El primer sustento económico de la fábrica parroquial

Sin-título-11

La primera vez que aparece de manera documental el nombre de iglesia de San Pedro Apóstol es en la llamada tabla inicial que los maestres y visitadores de la Orden de Santiago elaboran en torno a los años 1494-1498, una especie de índice de localidades que posteriormente desde esas fechas y hasta 1605-1606 fueron visitando.

Sin querer adentrarnos en fases, procesos y amplios periodos (que los tienes en esta misma web en la sección de Historia) queremos en este año del 2015 centrar el legado y la herencia histórica de nuestra comunidad en la figura del llamado cura párroco pero previamente hemos de aludir, aunque sea muy superficialmente, al patrimonio con el que nuestra comunidad arrancó en torno a los años finales del siglo XV y que junto a la parte propiamente espiritual, forma la administración y regiduría de una colación y de su curato con título propio.

Captura_de_pantalla_2013-05-09_a_las_20.34.21

No debió de ser una titularidad pobre pues en sus inicios, la mencionada colación poseía tierras en las zonas conocidas como Valdelobos, término de Carrasqueras, en la zona de lindes con tierras de la misma Orden de Santiago, tierras en el camino de Barbaño  e igualmente tierras en el camino de Torre del Águila, junto a donaciones que ya realizaban los fieles montijanos a finales del siglo XV como las tierras donadas por Alonso ParedesJuan Ranjo.

De la misma manera la parroquia era dueña de casas, huertos y ganado consistente en vacas, añojos y bueyes de cuyo arrendamiento y producción en general se beneficiaba para poder sufragar los gastos de las obras que terminarían levantando tan suntuosa fábrica parroquial. Y todo ello con el reconocimiento definitivo e importante de los mismos Reyes Católicos que en la ciudad de Écija concedería en su favor en el año 1501 por medio de una Real Provisión lo que la convertía en iglesia matriz quedando la hasta ahora parroquia de San Isidro como ermita adscrita a ella.

Los primeros curas párrocos en Montijo: 1486-1605

Gracias a la documentación santiaguista, podemos ofrecer una relación nominal de aquellos sacerdotes que fueron ocupando el título de curato parroquial y disfrutar de una administración que con el paso de los años fue creciendo en ermitas, santuarios, cofradías, capellanías y almas.

Francisco_de_Zurbarán_012

El primer de ellos es Juan Ruíz del hábito de san Pedro que lo fue conjuntamente con la de San Isidro desde 1486 hasta el año 1494. Posteriormente desde este año y hasta 1515, fray Bartolomé Pérez del mismo hábito; le sucede Bernardino de Aller, desde 1515 a 1550, quien fue además Prior del Convento de San Marcos de León.
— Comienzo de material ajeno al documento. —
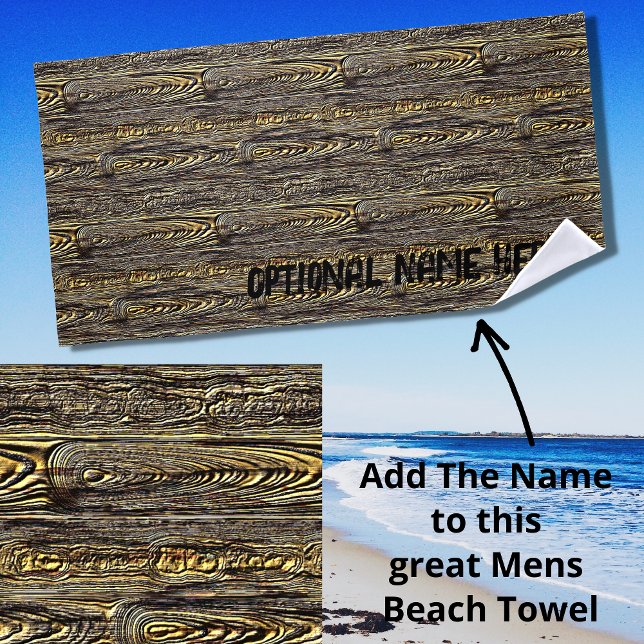Add Name, Old Gnarly Wood Bark Texture Beach Towel (Creator Uploaded)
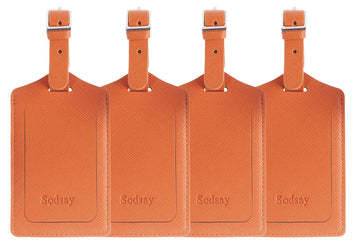 Sodsay Leather Luggage Tag Baggage Bag Travel Tags 4 Pcs Set (Orange)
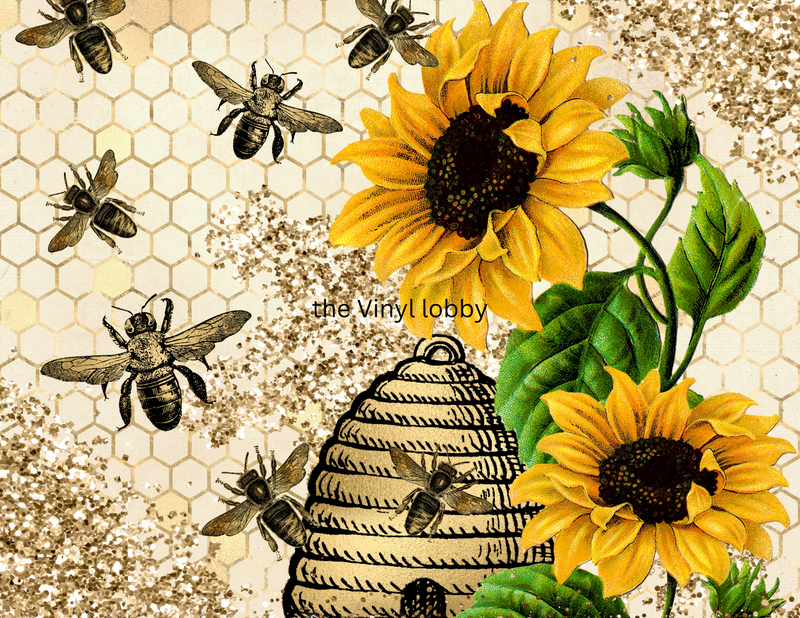Sunflower with Bee's 20oz Skinny Tumbler Printed Paper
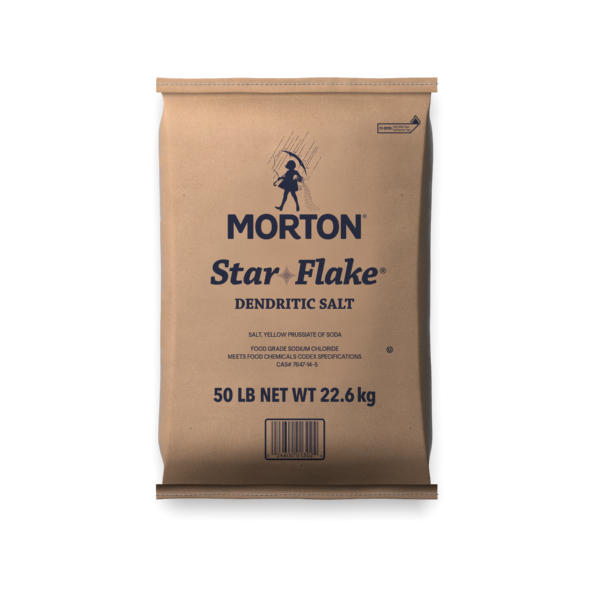 Morton Star Flake Dendritic Salt 50 lb bag, featuring food-grade sodium chloride, suitable for culinary and food processing uses, with clear labeling and specifications.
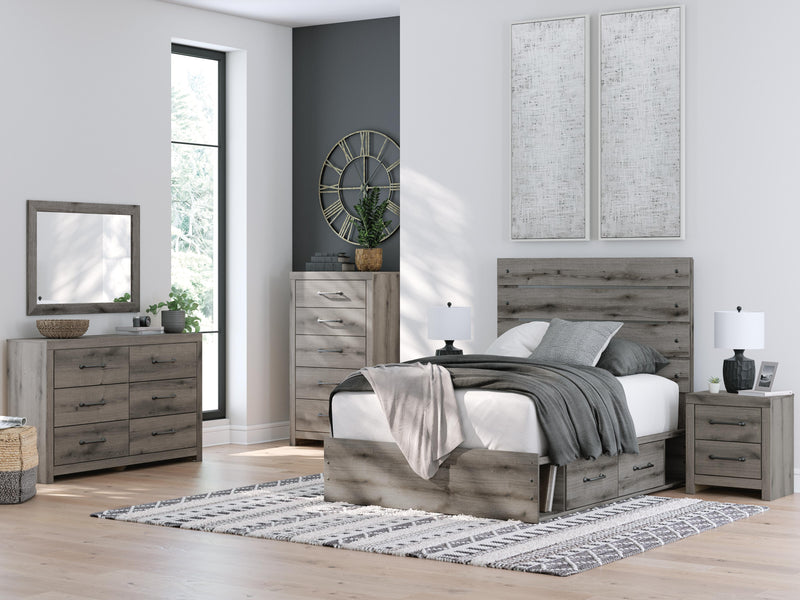 Graystorm Brown Gray Full Panel Bed with Storage - PCB2405B17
Le sucede Fernando Núñez en el año 1550 y Lucas Pérez en 1556, párrocos que además jugarán un papel importante en el nacimiento de mayordomía de Nuestra Señora de Barbaño junto a sus mayordomos (de la ermita de nuestra patrona), García Sánchez de Juan, Juan Pérez Juan Esteban (años 1553-1555).

Terminan aquí las visitas para el siglo XVI por lo que no tenemos los párrocos para la segunda mitad del siglo. El siglo XVII se inicia siendo cura párroco el licenciado Saldaña que lo era desde el año 1600, religioso del hábito de San Pedro con el que se elevó la referida titularidad gracias a suculentos beneficios entre otros motivos a causa de las actividades del curato con el comercio de la lana con Granada (1590-1605).

Indudablemente se nos está hablando desde un lenguaje de prosperidad y riqueza espiritual y terrenal (si queremos denominarlo así) pues al llegar los años iniciales del siglo XVII, la parroquia de San Pedro Apóstol en Montijo gozaba de la administración del hospital de pobres (acabamos de subir sus referencias históricas), ermita de San Isidro, ermita de los Santos Mártires, ermita de Santa Ana, ermita y mayordomía de Nuestra Señora de Barbaño, beaterío de Nuestra Señora de los Remedios (futuro conventual de las clarisas del Cristo del Pasmo).